__WHAT IS NEEDED__: Could you return each line from the one bearing "30ML Rust Remover" through the last line of the entries, exactly as it stands, with no pictures?

(Caption-style text data)
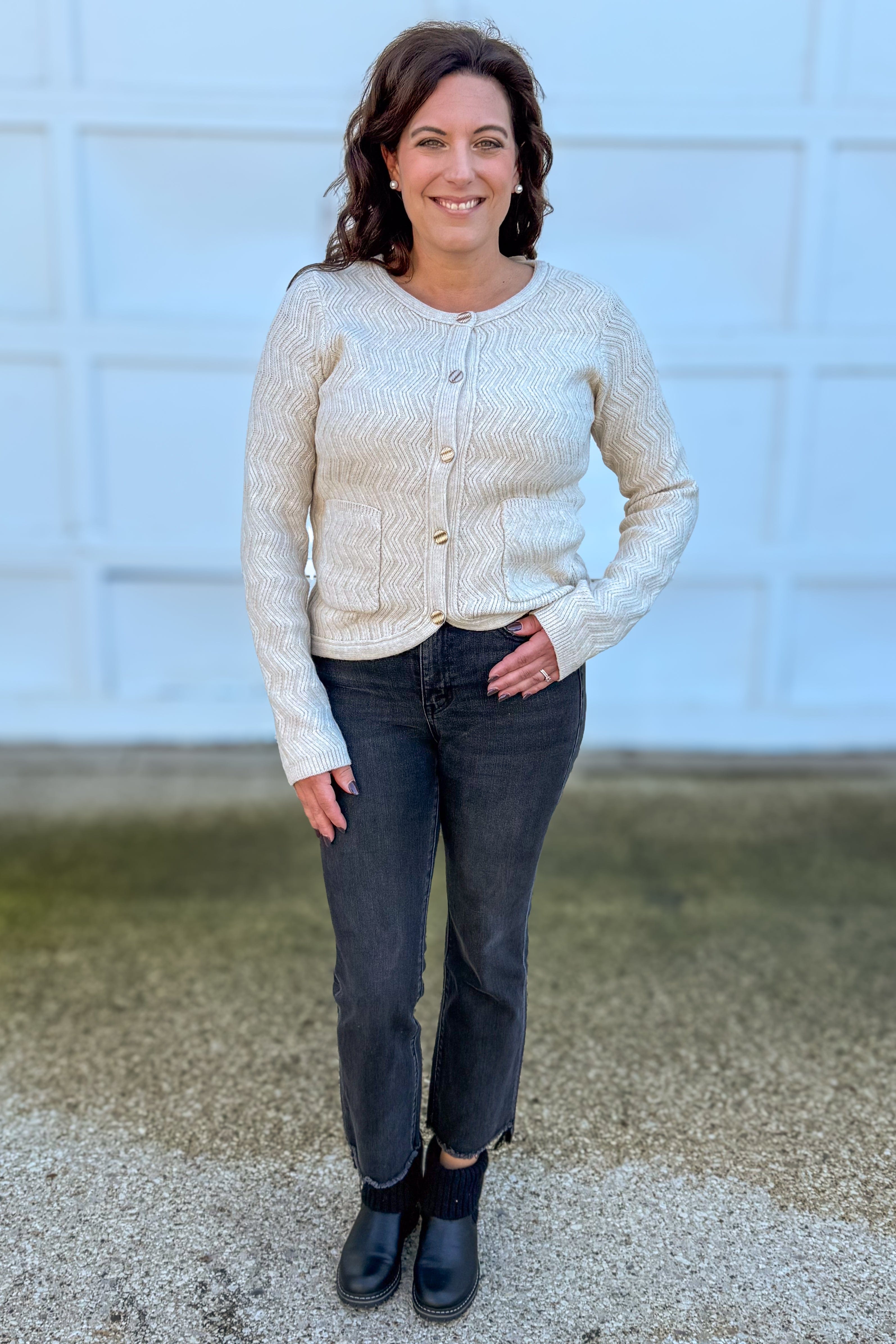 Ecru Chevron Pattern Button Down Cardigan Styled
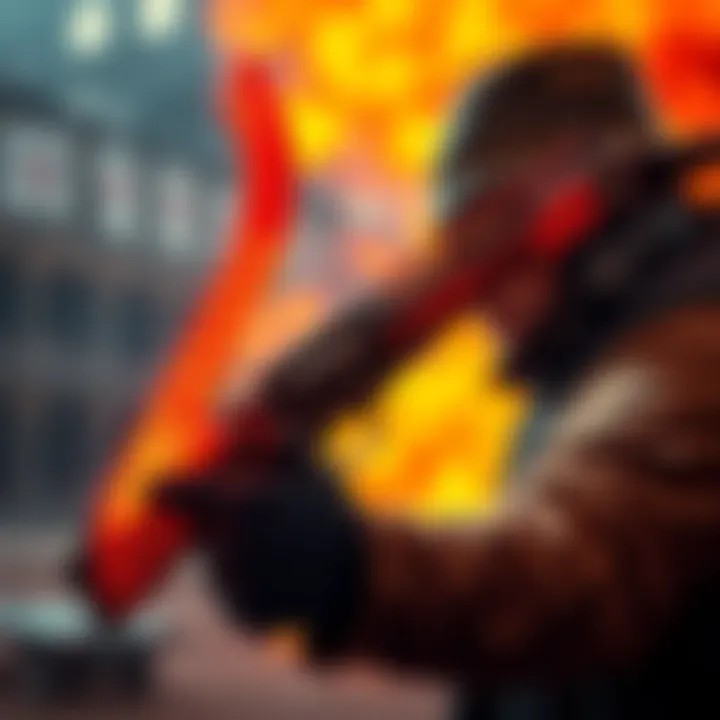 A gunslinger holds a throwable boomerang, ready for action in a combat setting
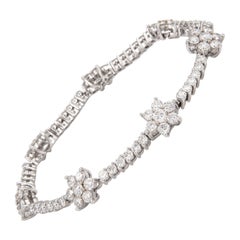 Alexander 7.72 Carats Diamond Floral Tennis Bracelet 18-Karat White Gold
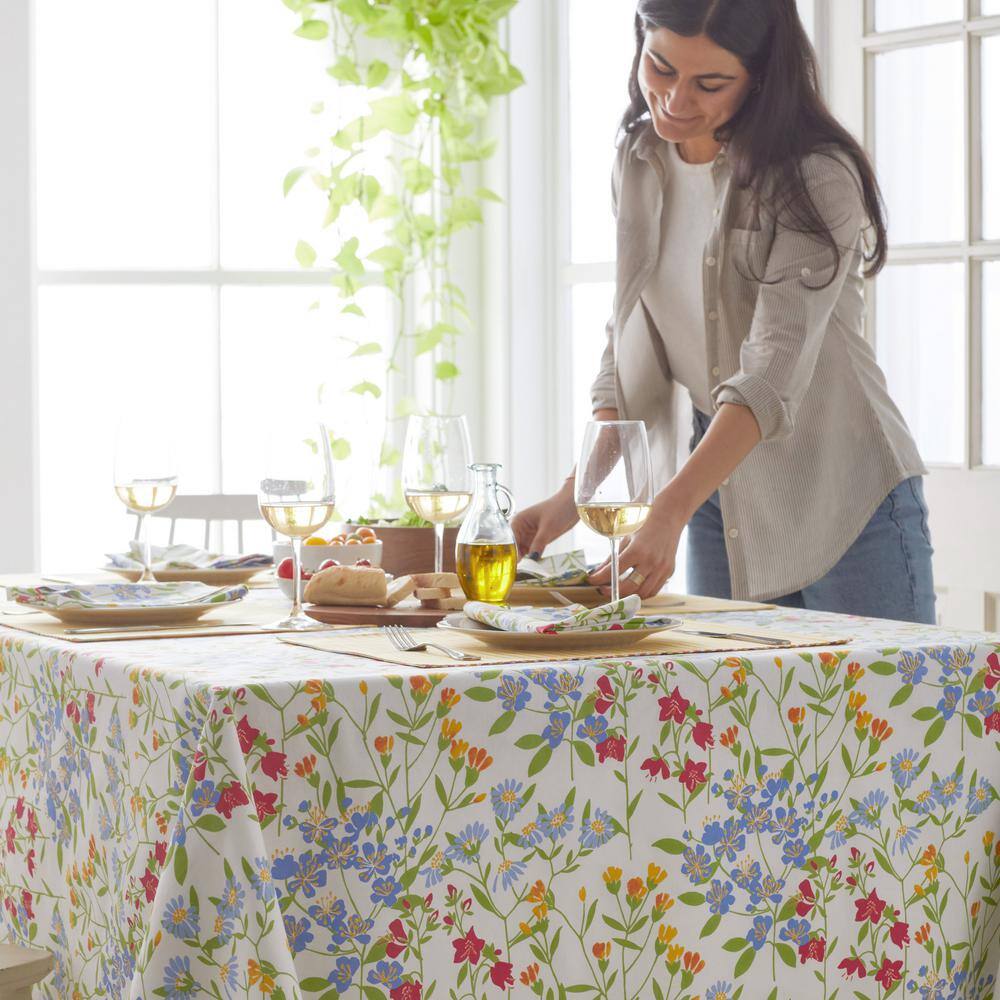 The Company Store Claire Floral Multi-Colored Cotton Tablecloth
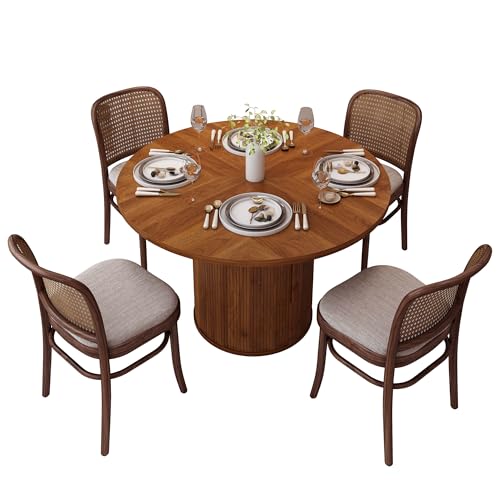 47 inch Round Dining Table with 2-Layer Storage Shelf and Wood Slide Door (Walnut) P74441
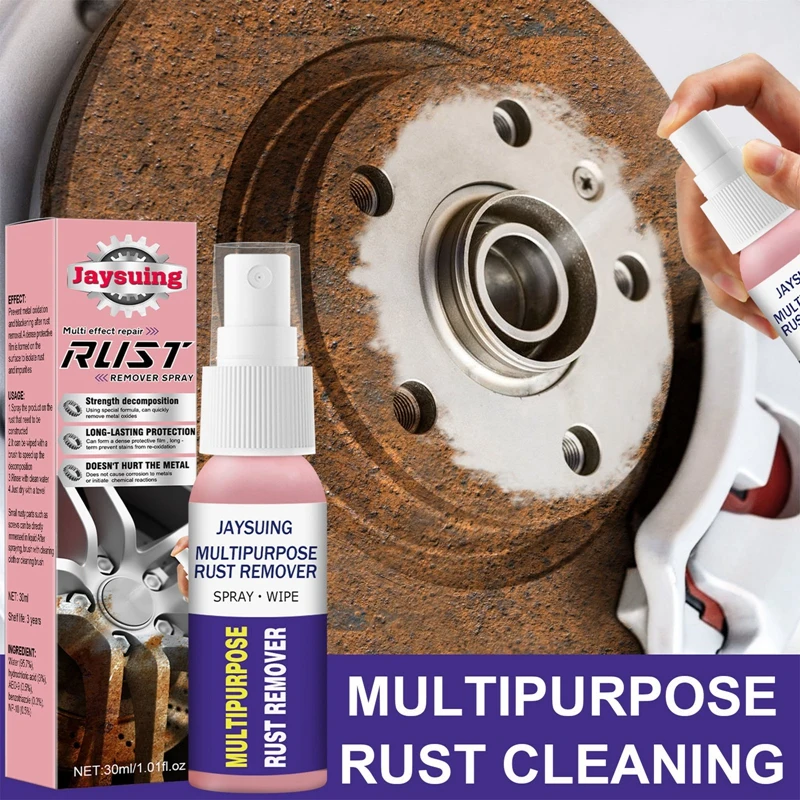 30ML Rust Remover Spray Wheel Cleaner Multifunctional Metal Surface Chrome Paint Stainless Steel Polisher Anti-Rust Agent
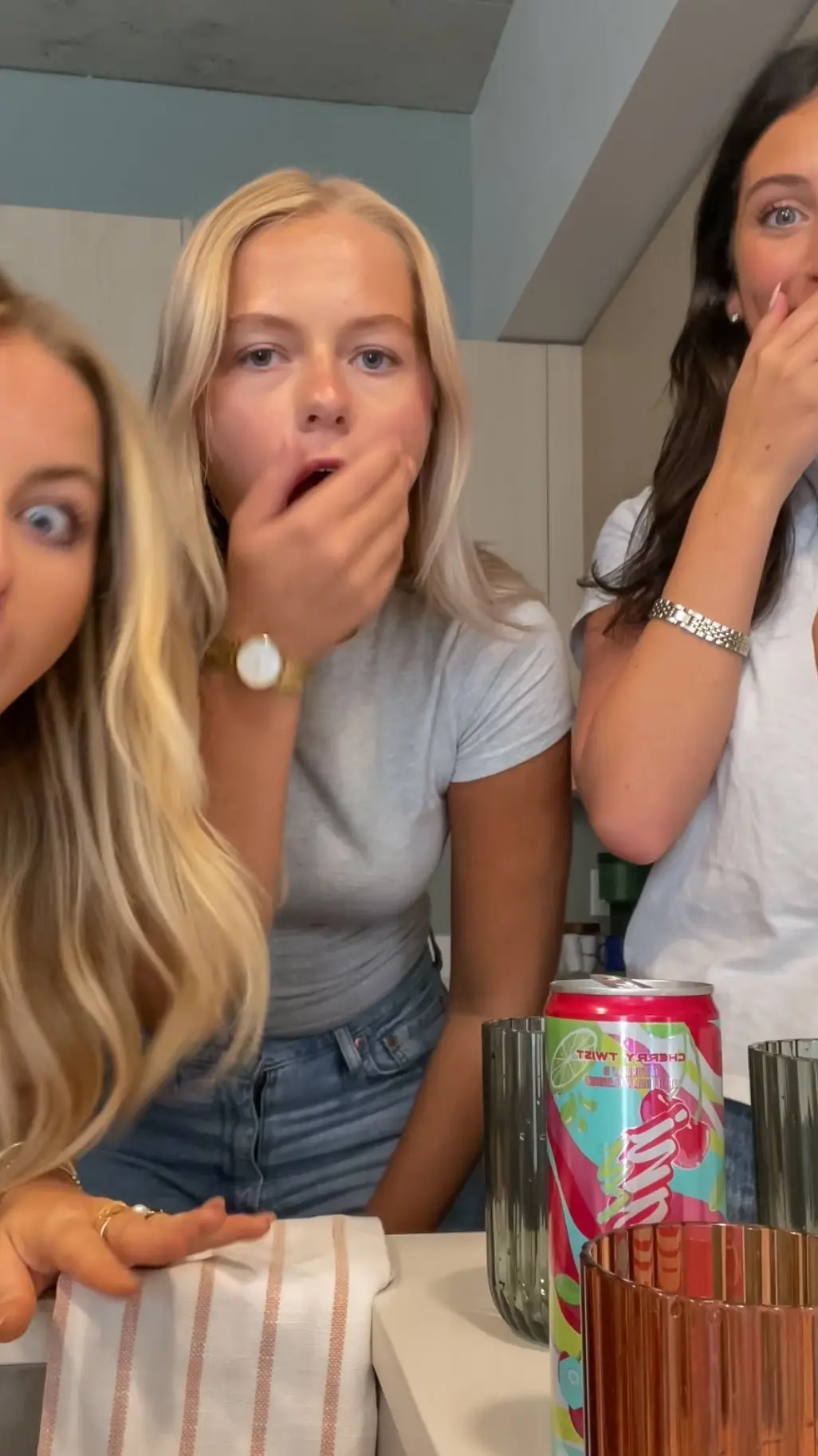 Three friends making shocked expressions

__ANSWER TO THIS EXERCISE__:
 30ML Rust Remover Spray Wheel Cleaner Multifunctional Metal Surface Chrome Paint Stainless Steel Polisher Anti-Rust Agent
 Three friends making shocked expressions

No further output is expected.